WHAT IS EXPECTED:
What you need to produce from the material below is an exact transcription of the lines from the one with "冬のラスタイリッシュイきらめくントシック日付を保存 案内ポストカード (正面/裏面)" through the one with "CHANEL Фиолетовая кожаная", both included, and no other line.
────────────────────
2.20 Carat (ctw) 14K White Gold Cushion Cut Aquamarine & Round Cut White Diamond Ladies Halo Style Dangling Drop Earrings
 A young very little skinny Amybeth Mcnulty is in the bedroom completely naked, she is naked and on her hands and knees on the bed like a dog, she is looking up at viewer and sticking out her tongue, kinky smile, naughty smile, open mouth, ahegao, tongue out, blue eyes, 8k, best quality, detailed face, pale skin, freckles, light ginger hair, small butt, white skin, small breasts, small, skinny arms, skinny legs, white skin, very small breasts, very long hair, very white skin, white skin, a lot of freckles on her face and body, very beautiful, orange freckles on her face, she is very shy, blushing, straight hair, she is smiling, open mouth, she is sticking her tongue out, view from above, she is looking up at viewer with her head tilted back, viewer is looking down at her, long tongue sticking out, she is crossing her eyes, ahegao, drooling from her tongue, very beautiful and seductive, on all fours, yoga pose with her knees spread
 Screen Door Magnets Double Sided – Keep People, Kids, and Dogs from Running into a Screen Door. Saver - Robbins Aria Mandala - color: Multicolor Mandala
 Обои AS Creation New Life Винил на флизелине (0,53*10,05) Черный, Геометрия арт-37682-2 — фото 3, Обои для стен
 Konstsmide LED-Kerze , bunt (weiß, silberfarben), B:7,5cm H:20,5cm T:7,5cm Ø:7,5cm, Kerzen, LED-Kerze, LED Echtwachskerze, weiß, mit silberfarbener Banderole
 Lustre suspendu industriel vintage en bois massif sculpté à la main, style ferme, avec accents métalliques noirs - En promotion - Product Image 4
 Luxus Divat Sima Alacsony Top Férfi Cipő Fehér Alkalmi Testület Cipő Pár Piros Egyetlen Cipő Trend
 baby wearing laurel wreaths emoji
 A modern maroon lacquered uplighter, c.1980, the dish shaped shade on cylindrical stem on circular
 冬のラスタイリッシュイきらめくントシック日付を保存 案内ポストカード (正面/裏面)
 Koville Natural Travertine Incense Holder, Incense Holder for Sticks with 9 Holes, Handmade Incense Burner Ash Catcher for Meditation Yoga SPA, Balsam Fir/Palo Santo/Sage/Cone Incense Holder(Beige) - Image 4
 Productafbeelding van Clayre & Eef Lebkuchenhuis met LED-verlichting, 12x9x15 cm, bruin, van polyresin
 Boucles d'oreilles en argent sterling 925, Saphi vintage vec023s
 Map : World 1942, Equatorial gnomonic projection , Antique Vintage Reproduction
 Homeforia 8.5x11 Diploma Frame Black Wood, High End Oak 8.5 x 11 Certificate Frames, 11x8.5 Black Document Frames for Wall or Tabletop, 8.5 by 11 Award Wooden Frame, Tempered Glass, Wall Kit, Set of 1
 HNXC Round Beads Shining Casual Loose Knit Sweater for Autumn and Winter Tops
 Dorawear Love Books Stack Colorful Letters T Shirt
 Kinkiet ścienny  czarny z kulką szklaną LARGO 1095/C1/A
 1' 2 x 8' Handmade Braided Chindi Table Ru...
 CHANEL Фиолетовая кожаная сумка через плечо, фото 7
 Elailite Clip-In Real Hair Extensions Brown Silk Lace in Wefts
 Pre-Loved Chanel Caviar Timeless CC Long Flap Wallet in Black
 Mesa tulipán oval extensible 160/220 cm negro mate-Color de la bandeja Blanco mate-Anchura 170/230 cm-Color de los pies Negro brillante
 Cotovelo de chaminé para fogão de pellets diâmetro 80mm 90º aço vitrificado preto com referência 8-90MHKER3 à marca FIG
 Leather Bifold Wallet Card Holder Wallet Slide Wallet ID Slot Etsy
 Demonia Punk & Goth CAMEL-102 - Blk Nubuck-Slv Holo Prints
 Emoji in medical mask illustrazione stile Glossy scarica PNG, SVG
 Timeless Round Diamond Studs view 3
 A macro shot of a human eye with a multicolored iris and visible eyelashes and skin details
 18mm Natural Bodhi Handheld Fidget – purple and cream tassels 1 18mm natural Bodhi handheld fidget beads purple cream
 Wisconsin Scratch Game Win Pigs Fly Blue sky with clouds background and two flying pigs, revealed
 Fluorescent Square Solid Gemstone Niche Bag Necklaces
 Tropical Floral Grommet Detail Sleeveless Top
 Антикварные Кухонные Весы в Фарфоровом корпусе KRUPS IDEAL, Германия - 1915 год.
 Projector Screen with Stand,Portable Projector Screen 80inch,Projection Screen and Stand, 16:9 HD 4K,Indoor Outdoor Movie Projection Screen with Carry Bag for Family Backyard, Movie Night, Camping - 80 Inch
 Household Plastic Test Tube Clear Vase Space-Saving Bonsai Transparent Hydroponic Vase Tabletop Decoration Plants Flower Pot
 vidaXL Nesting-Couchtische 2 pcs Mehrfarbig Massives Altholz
────────────────────
RESPONSE TO THIS TASK:
 冬のラスタイリッシュイきらめくントシック日付を保存 案内ポストカード (正面/裏面)
 Koville Natural Travertine Incense Holder, Incense Holder for Sticks with 9 Holes, Handmade Incense Burner Ash Catcher for Meditation Yoga SPA, Balsam Fir/Palo Santo/Sage/Cone Incense Holder(Beige) - Image 4
 Productafbeelding van Clayre & Eef Lebkuchenhuis met LED-verlichting, 12x9x15 cm, bruin, van polyresin
 Boucles d'oreilles en argent sterling 925, Saphi vintage vec023s
 Map : World 1942, Equatorial gnomonic projection , Antique Vintage Reproduction
 Homeforia 8.5x11 Diploma Frame Black Wood, High End Oak 8.5 x 11 Certificate Frames, 11x8.5 Black Document Frames for Wall or Tabletop, 8.5 by 11 Award Wooden Frame, Tempered Glass, Wall Kit, Set of 1
 HNXC Round Beads Shining Casual Loose Knit Sweater for Autumn and Winter Tops
 Dorawear Love Books Stack Colorful Letters T Shirt
 Kinkiet ścienny  czarny z kulką szklaną LARGO 1095/C1/A
 1' 2 x 8' Handmade Braided Chindi Table Ru...
 CHANEL Фиолетовая кожаная сумка через плечо, фото 7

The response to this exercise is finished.